On her debut EP, Even Born Again, Jaffe sang, "Ain't in love with the world / I'm just in love with its clutter" on "Under". Then grounded, the Jaffe of Don't Disconnect is coming from a disembodied perspective. The title track's technological connotation pulses along, signifying both the link and space between narrator and subject. Subjugation versus obedience is a recurring theme in Jaffe's music; here, romantic immediacy is weighed against personal restraint on "Your Return".
Having streamlined her lyrical density to pop music's oft-repeated phrases, they do not lack in emotional heft. More poetry than prose, Don't Disconnect's lyrics are concise, pointed, and questioning. The insular rumination of Suburban Nature's "Clementine" remains on "Slow Pour" and the paranoid "Revelation", with its inquisitive refrain of "Is everything a sign for me?" Jaffe's once quavering delivery is now assured and strong, thanks to both producer McKenzie Smith (Midlake) and Jaffe's own artistic maturity as demonstrated on Don't Disconnect's most verbose song, "Defence". A meta-penance of sorts, the song can be taken as Jaffe pondering her own evolution: "On and on / I struggle letting go / On and on / To push the button and just leave it alone."
Even with the change in tack, Jaffe maintains her traditional minimalist framework, allowing space between her lyrics. Here, those spaces are filled in with elements from a broad spectrum ranging from krautrock on "Fatalist" to the synths on "Revelation" that recall the darker moments of Depeche Mode's catalog. Guitars remain, adorning the symphonic "Satire", its biting lyrics easily fitting in with the songs of Suburban Nature. Album closer "Leaving the Planet" equals the bombast of The Who's "Baba O'Riley" in its truncated form.
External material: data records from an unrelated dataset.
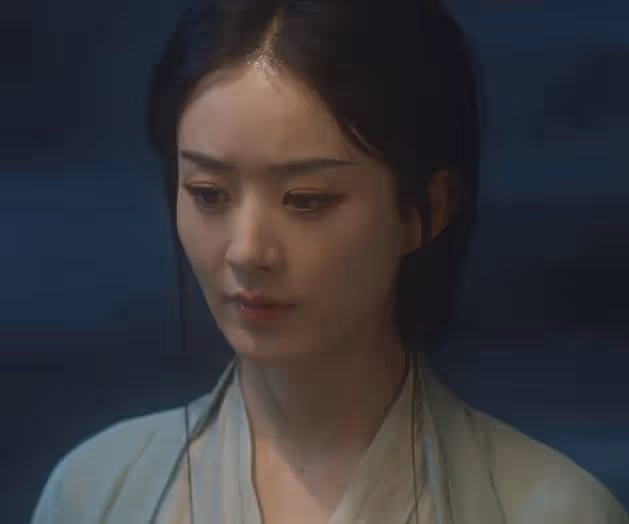 36歲趙麗穎對比43歲董潔，骨相老去和皮相老去的差距一目了然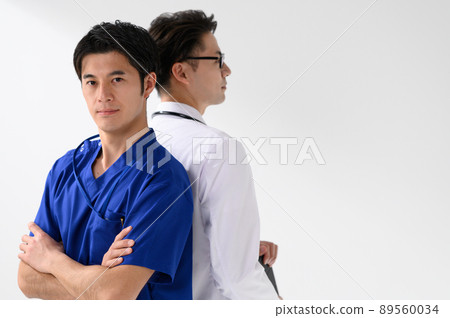 Medical image 2 men 89560034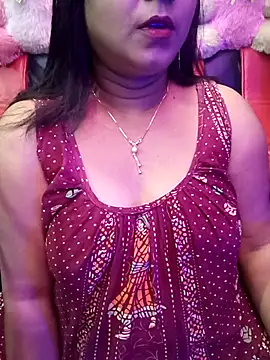 Snapshot of ella_mariya chatting on 30, 11, 2025 ella mariya online show from 30, 11, 2025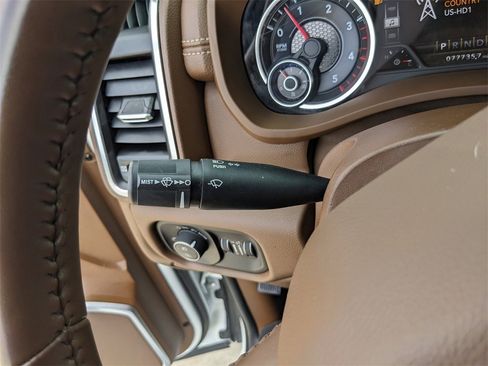 Used 2022 RAM 3500 Laramie image 36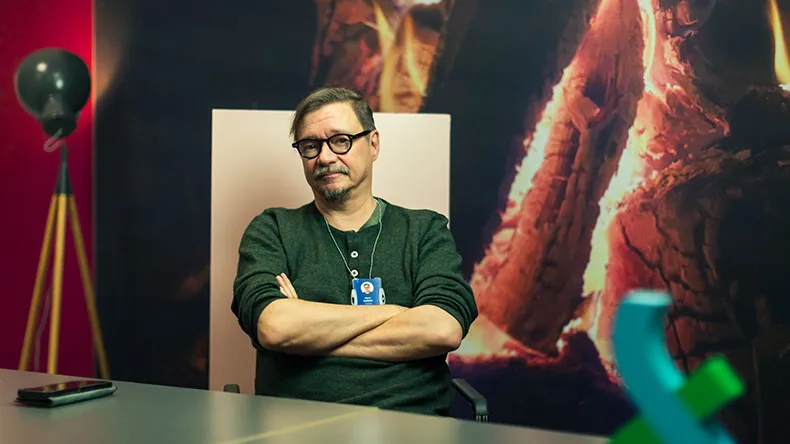 LABin visuaalisen viestinnän yliopettaja Harri Heikkilä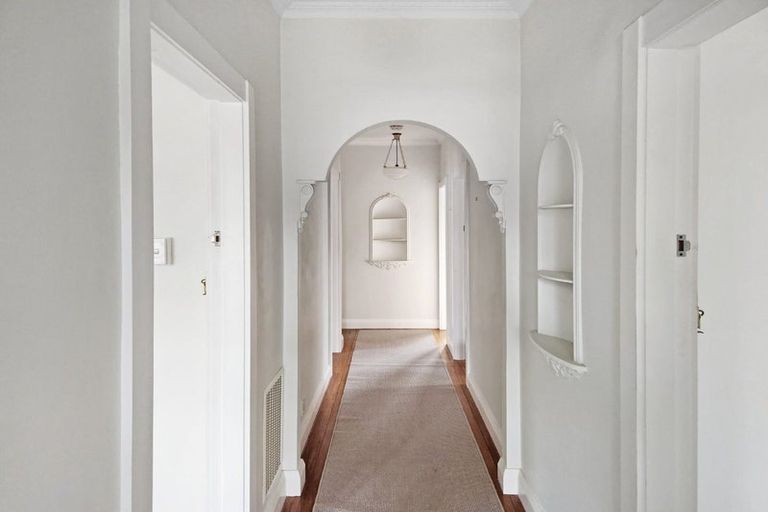 Photo of property in 35 Boulcott Street, Boulcott, Lower Hutt, 5010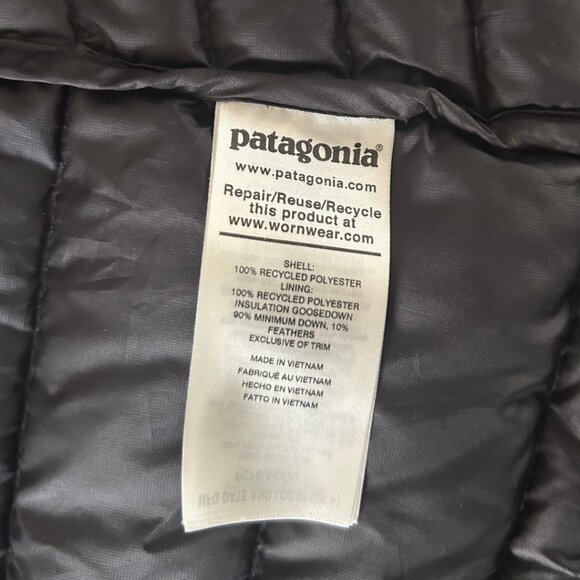 Patagonia Women’s Nano Puff Vest In Black XS - Picture 5 of 5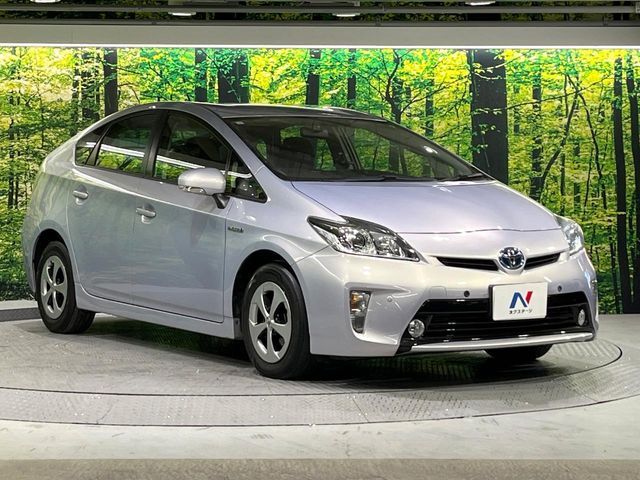 TOYOTA PRIUS 2013 Image 31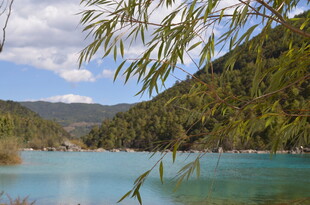 湖畔青山绿水秀丽风光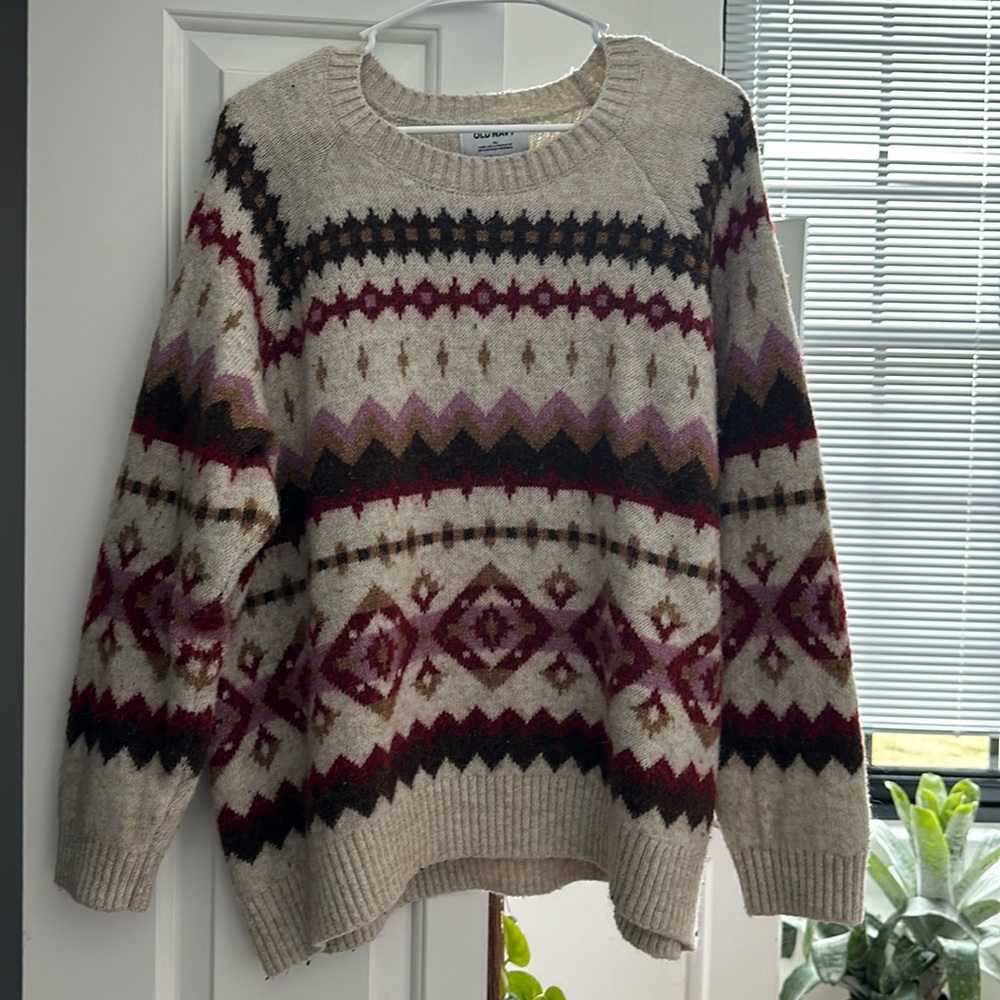 Old Navy XL Crewneck sweater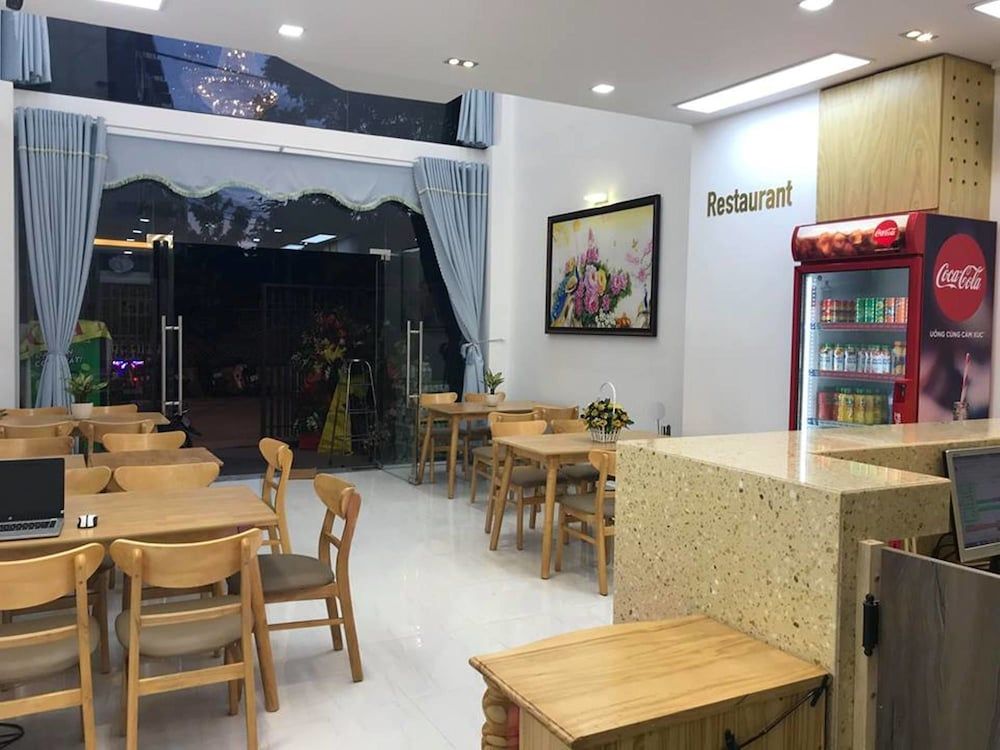 undefined Winston Hotel 10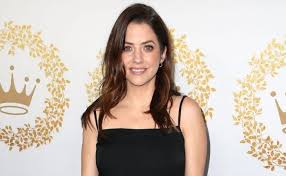 Julie Gonzalo Lifestyle Wiki Net Worth Income Salary House Cars Favorites Affairs Awards Family Julie Gonzalo Light Hair Color Hair Color Light Brown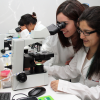 Naomi Estay y Omayra Toro, dos alumnas recién egresadas del Liceo 1 Javiera Carrera, visitaron las instalaciones de la filial de Codelco, BioSigma, para conocer el proceso de biorremediación del cobre.
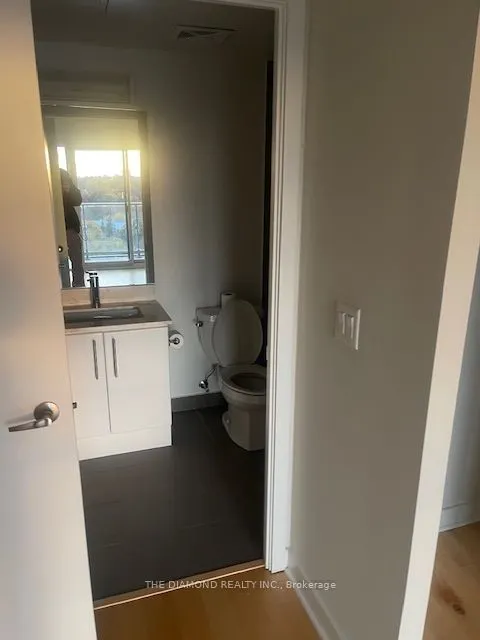 58 Orchard View Boulevard, #1101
Foregoing the radio-tested necessity of having a hook within every ten seconds of a song, Jaffe proves lyrics count. Having landed on a sound that tethers the many moods of her ambitious and intellectual songs together, she speaks volumes while singing very little on Don't Disconnect's futuristic indictment against modernity. If not today, in the future Sarah Jaffe will reap the recognition she justly deserves for Don't Disconnect.